A station will be constructed at North and Washington streets to replace the existing station and administrative building there, Fire Chief Jeff Vandevoorde said Tuesday. Total cost of the project, which has been in the works since 2012, is about $4.2 million, he said.
“This was a great team effort between the administrative staff and the fire district board,” Vandevoorde said. “We’re very excited. This is something we need, and it will be great for the community.”
The grant is an Energy and Mineral Impact Assistance Fund grant from the state Department of Local Affairs. The fire district has been saving money for the project for the past several years, and will put down $1 million toward the project. The remaining $1.2 million will be paid out over the next 25 years through a lease-purchase agreement, the chief said.
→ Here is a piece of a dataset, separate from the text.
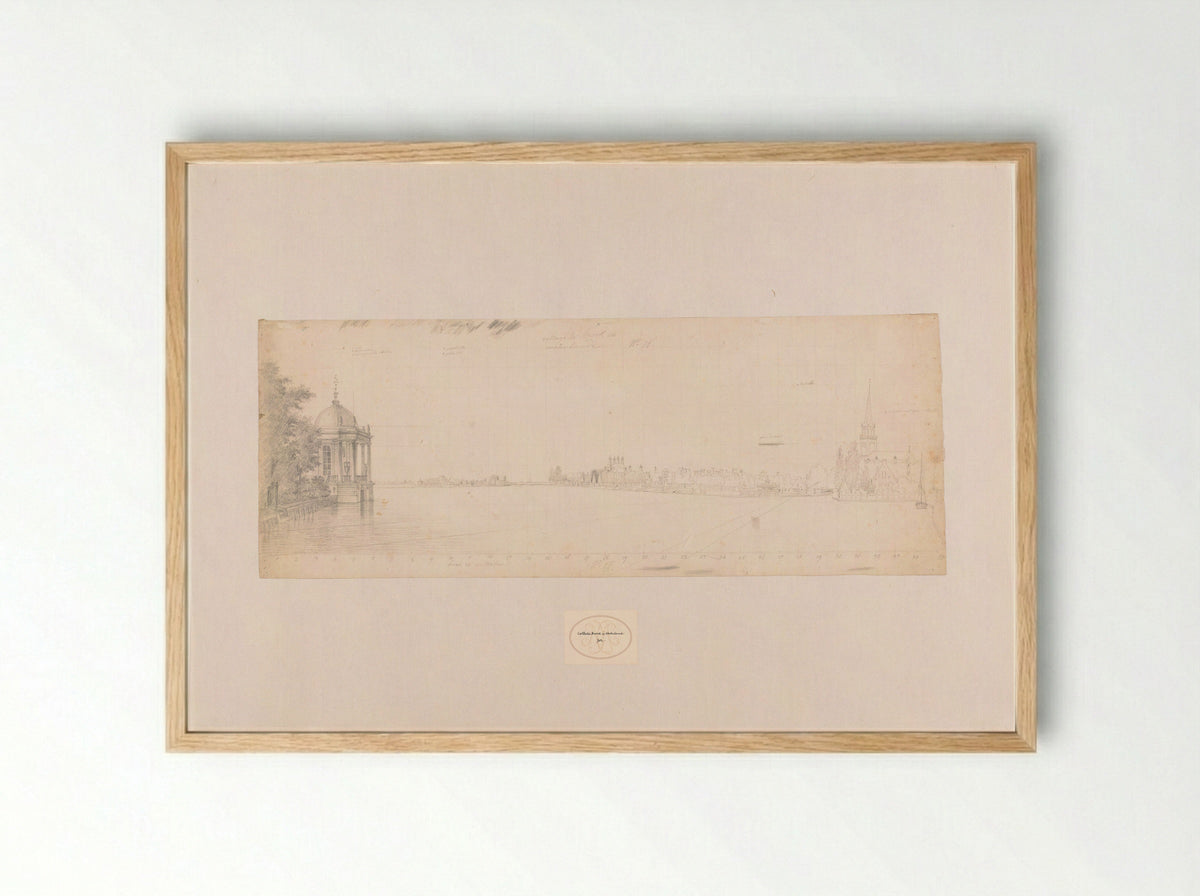 Gezicht op Broek in Waterland met links de koepel van Bakker - Antoine Ignace Melling - Framed Print Wood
Both the existing station and administrative building are more than 40 years old and are not compliant with current building codes, Vandevoorde said. The buildings eventually will be torn down.
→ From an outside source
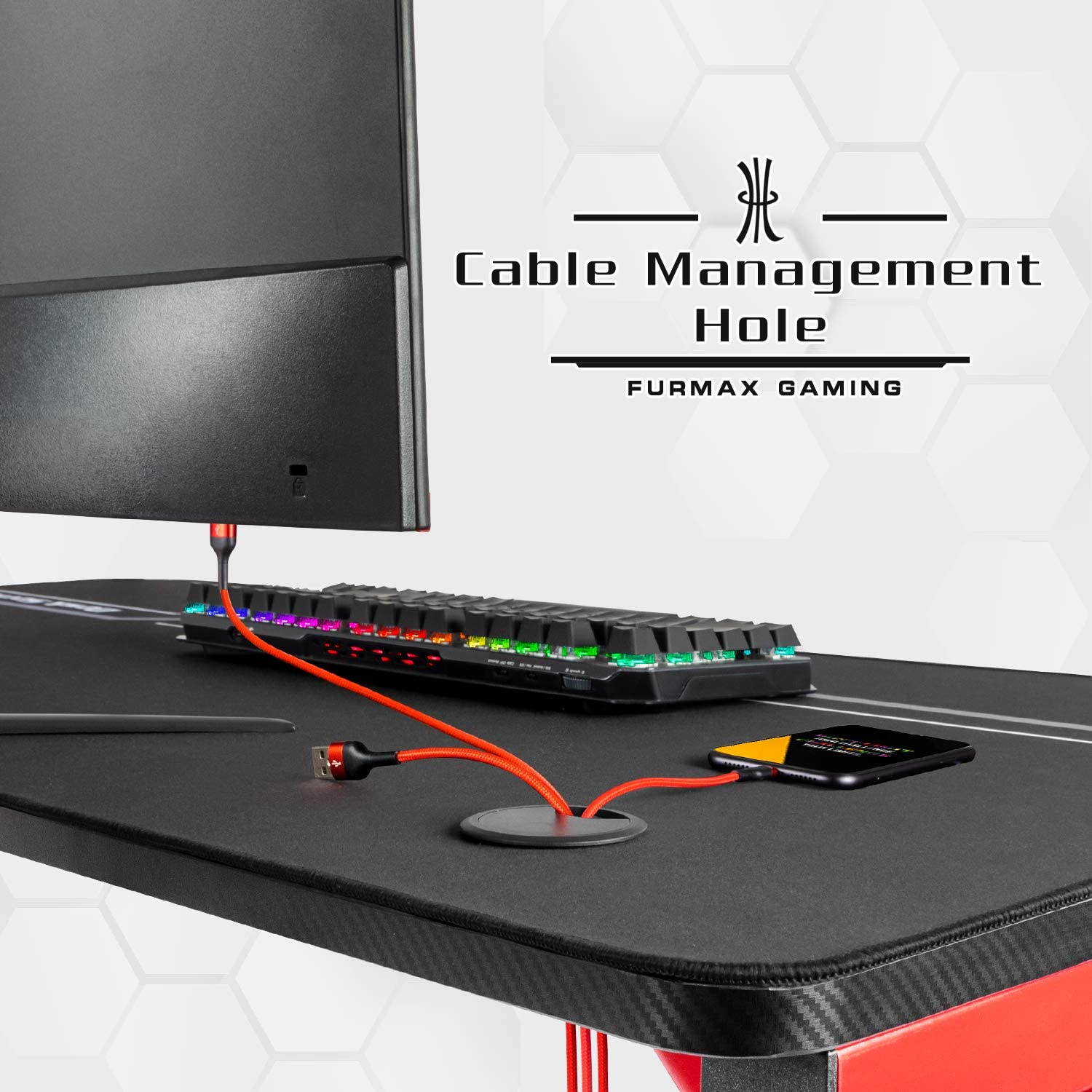 Furmax 55 Inch Gaming Desk T-Shaped PC Computer Table, Home Office Desk Carbon Fibre Surface Workstation with Free Full Coverage Mouse Pad, Cup Holder and Headphone Hook (Red)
The current Station 1 isn’t big enough to house newer vehicles. If the department were to buy a new ladder truck, it wouldn’t fit, Vandevoorde said. The new station will have more space training and equipment too, he said, and will feature an exhaust filtering system to clear the air after vehicles start up inside.
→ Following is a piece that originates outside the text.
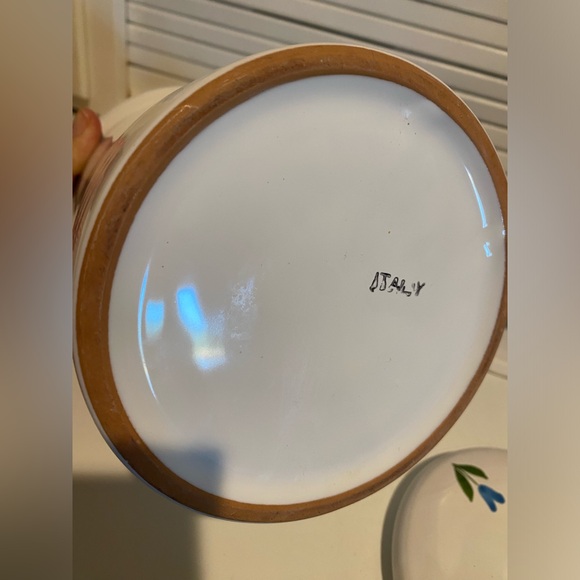 Vintage Tulip Canisters Set Of 3 With Lids Made in Italy Pottery Glazed - Picture 5 of 10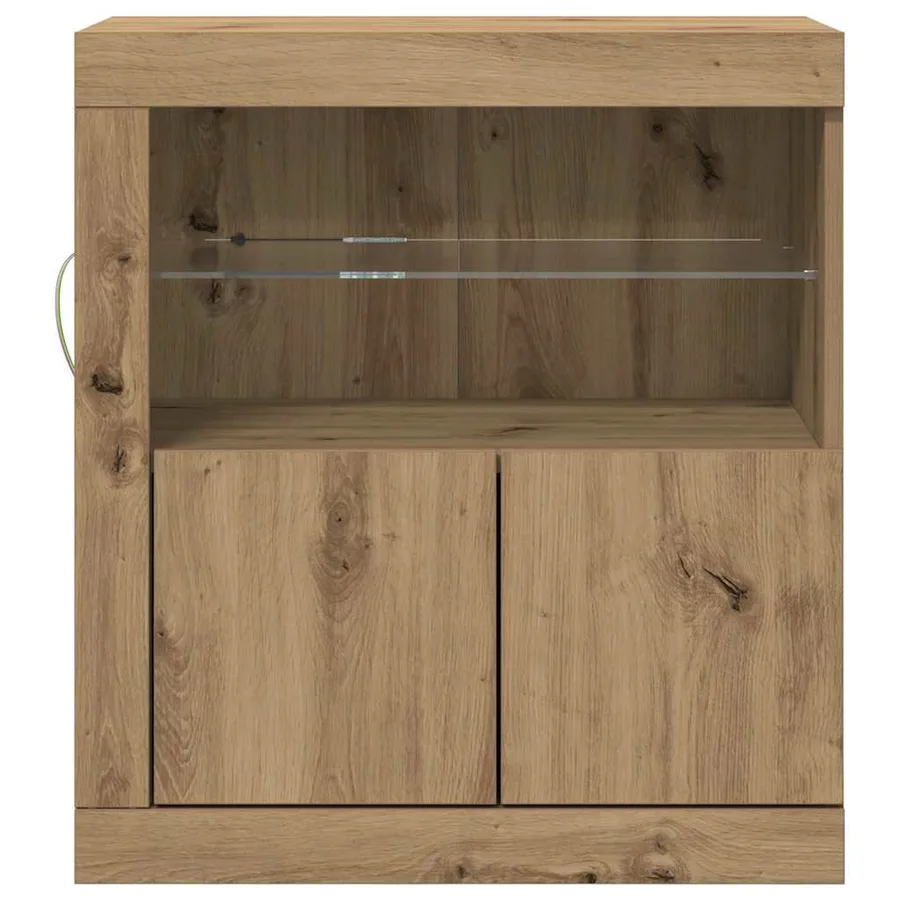 Buffet LED Marron 60,5 x 37 x 67 cm Bois d'ingénierie - 6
Firefighters will be able to make use of a fitness room, which the new building will feature. Training spaces will be available for the public as needed, the chief said. Administrative space will feature offices and a conference room, he said. The building will be compliant with building codes and the Americans With Disabilities Act, he said.
Vandevoorde said he hopes a construction company will be chosen by the end of the year, with groundbreaking potentially taking place by next March. The district is working with Pacheco Ross Architects of New York. Though they didn’t present the lowest of the five bidders, the firm specializes in building fire stations and the district will save money in the long run by working with them, Vandevoorde said.
Since the district recognized the need for a new station in 2012, the department has added full-time firefighters and calls have gone up substantially, Vandevoorde said. The fire district board has helped to support the project, and DOLA officials were easy to work with, he said. The chief is happy that the new station will combine and eliminate two outdated buildings and will do so without any new tax raises.
“We’re moving forward and this will help us a lot to keep us going forward,” Vandevoorde said.